Presdir Wada mengatakannya pada wartawan, meski tidak ada masalah manajemen, dan dia tidak bosan jadi presdir, dia akan benar-benar mundur dari industri perhotelan karena alasan pribadi. Orang yang akan menggantikan posisinya adalah adiknya, Hidehiko, yang selama ini jadi direktur regional New York. Dia akan mengambil alih dan tetap melanjutkan peraturan yang telah disusun oleh presdir Wada.


Reiji dibuat kaget dengan berita ini. Semuanya serba tiba-tiba, tanpa tanda-tanda sama sekali. Selain itu, ternyata ketua tim Goro-san-lah yang tampak paling syok atas berita ini.



Reiji pun menyusul Wada di rumah kayu-nya yang ada di dalam hutan. Saat itu Wada-san tengah membelah kayu-kayu menjadi batang yang lebih kecil. Reiji pun tidak mengenakan jas seperti biasa, tapi dia memilih pakaian kasual.


“Wada, apa-apaan ini maksudnya?!” cecar Reiji kesal.

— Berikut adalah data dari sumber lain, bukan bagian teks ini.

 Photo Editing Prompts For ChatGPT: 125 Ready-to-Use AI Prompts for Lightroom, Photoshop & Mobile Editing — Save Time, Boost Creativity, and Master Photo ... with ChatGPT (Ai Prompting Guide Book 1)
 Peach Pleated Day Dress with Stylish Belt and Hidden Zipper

“Bukankah kau datang ke sini untuk berterimakasih padaku?” tanya Wada-san yang kemudian berhenti dari kegiatannya membelah kayu. “Sekarang aku sudah keluar, jadi kau bisa mencapai mimpimu dengan mudah.”


Tapi Reiji tidak menganggap itu keren, “Tidak ada gunanya kalau aku mendapatkan nomer satu tanpa mengambilnya darimu!”

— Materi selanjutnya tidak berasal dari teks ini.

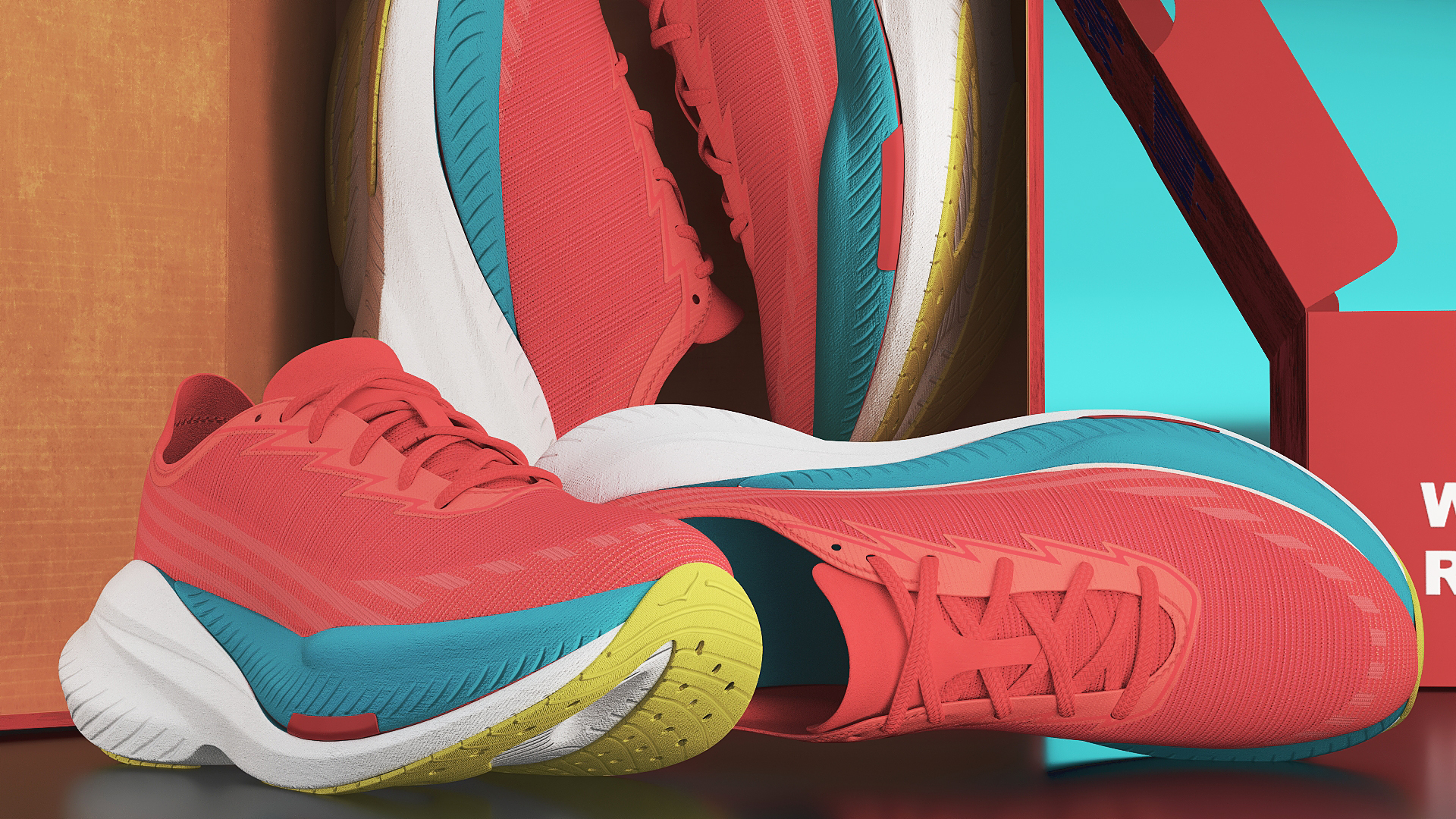 Running Shoes in Open Shoe Box, view 2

“Kenapa kau marah padaku?”


“Kau khawatir kalah dariku, dan melarikan diri sebagai pengecut!”


“Jadi, kau akan senang kalau kau mengambil posisi nomer 1 dariku?” tantang Wada-san.


“Tentu saja!”


Wada-san tersenyum, “Kebahagiaan itu Cuma fantasi. Selama lima tahun terakhir, kupikir aku bahagia. Saat aku mendapatkan posisi nomer satu dunia. Tapi itu Cuma sehari saja. Saat mencapai posisi puncak, pertarunganku baru dimulai. Apa yang akan kulakukan kalau tahun depan tidak jadi yang terbaik lagi? Atau apa yang harus kulakukan untuk mempertahankan posisi nomer satu ini? Kau pikir kebahagiaan seperti itu, akan ada setiap hari?” tanya Wada-san, sarkas.


BERSAMBUNG


Sampai jumpa di SINOPSIS Sekai Ichi Muzukashii Koi episode 09 part 2


Pictures and written by Kelana


FP: elangkelanadotnet, twitter : @elangkelana_net


Kelana’s note :


Halo semua. Sebelumnya Na mohon maaf ya atas keterlambatan posting episode ini. Pasti banyak yang heran, karena episode ini pendek sekali, berbeda dengan biasanya. Itu semua karena belum selesai Na kerjakan. Sekali lagi, mohon maaf ya. Tapi hutang sudah Na bayar kok, sekarang sudah selesai. Selamat melanjutkan membaca.

Bening Pertiwi 11.53.00
Read more ...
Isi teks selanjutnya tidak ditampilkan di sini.